Task description
The required output is the exact run of lines in the listing below from the line holding "Counter Attackers/PRIDE2025 OFFICIAL" through the line holding "Zulfikar jacuzzi logo", with no pictures.

Data extracts
┌──
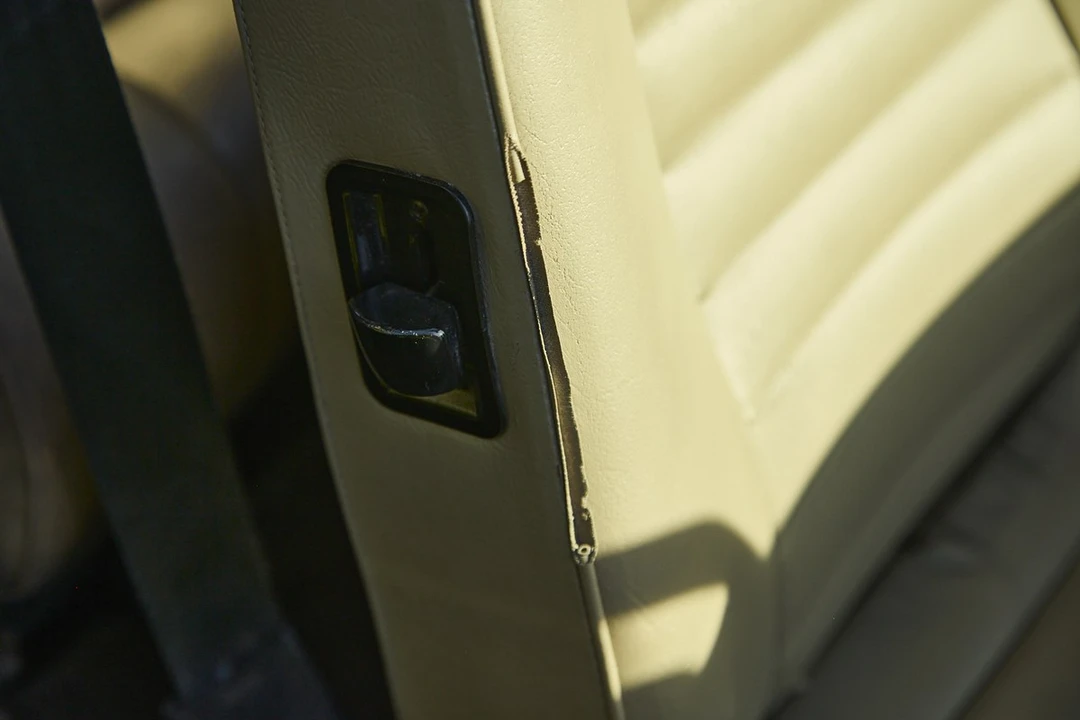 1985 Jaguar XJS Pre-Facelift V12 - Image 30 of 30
└──
┌──
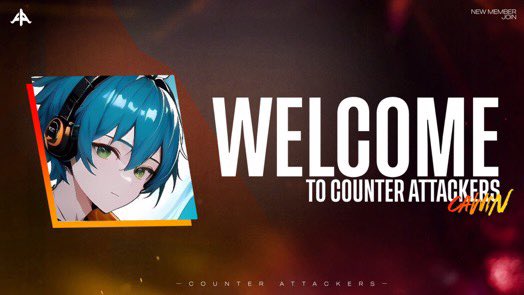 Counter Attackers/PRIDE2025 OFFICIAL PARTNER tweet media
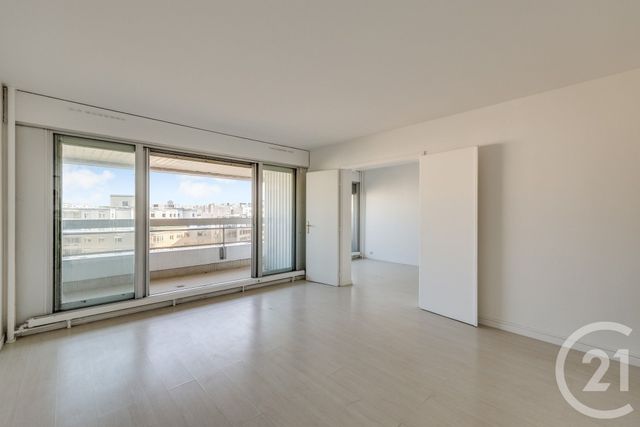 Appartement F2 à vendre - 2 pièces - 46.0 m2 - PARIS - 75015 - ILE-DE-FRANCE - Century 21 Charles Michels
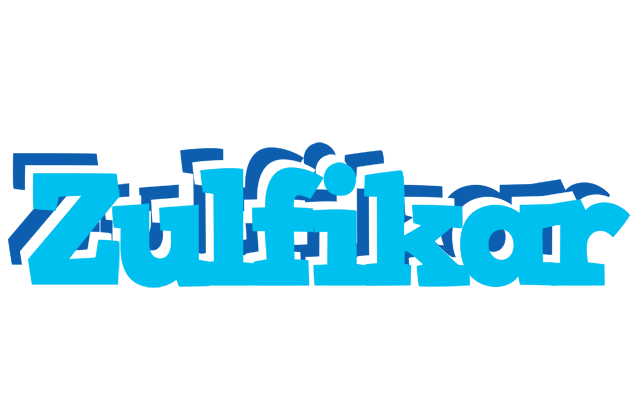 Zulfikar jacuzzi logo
└──
┌──
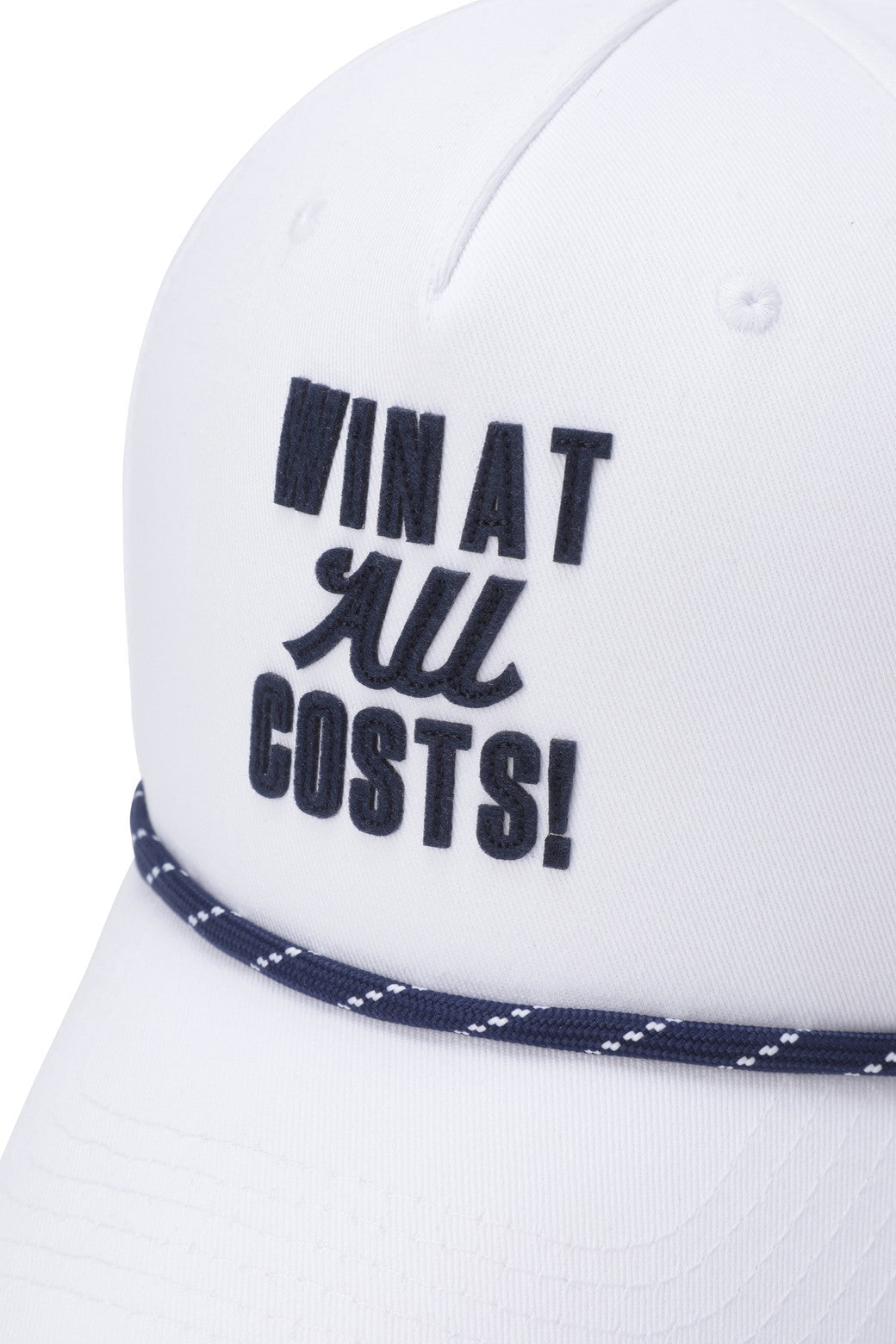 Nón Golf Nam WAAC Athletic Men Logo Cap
└──
Answer below
 Counter Attackers/PRIDE2025 OFFICIAL PARTNER tweet media
 Appartement F2 à vendre - 2 pièces - 46.0 m2 - PARIS - 75015 - ILE-DE-FRANCE - Century 21 Charles Michels
 Zulfikar jacuzzi logo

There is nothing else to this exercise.